US President Joe Biden on June 3 directed federal agencies to prioritise anti-corruption efforts as a foreign policy and national security issue.
“Corruption is a risk to our national security, and we must recognize it as such,” Biden stated in a National Security Study Memorandum. The memo publicly notified the federal agencies to “up their anti-corruption game”.
The memo directs agencies to review anti-corruption measures in 200 days and submit a report to the President, along with recommendations to improve them, an administration official told reporters.
The official said the directive focuses on financial crimes, including steps to modernise existing anti-corruption laws to confront cryptocurrencies and cybercrime. “We are looking at crypto as a means of illicit finance, but by no means are these steps limited to the new technologies like crypto,” the official said.
The official also hinted at the possibility of updating of the Bank Secrecy Act, the primary means by which law enforcement agencies can track financial institutions. “We’ll be looking for ideas to modernise these systems to respond to new technologies,” the official said. The memo, however, does not name individual countries, specific currencies, or particular kinds of assets.
To ensure reduced offshore financial secrecy and improve information sharing, the US government aims to “robustly” implement new rules established in January that require American companies to report their beneficial owner or owners to the Treasury Department.

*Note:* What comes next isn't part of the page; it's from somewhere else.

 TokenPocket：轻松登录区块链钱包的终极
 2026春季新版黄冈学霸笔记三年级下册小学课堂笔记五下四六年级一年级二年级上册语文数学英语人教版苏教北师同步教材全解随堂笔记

The memo released by Biden also identifies the need to address strategic corruption by foreign entities and governments “and their domestic collaborators” in part by “closing loopholes”. The statement is likely in a veiled reference to efforts by Russia, Iran, and other adversaries to fund disinformation campaigns and influence the US elections in recent years.
The anti-corruption fight is part of a broader shift underway towards a new “foreign policy for the middle class.” According to CNBC, the strategy, devised in part by Biden’s National Security Adviser Jake Sullivan, emphasises how foreign and domestic policy can be integrated into a new middle ground between the traditional conservative and liberal approaches to global affairs.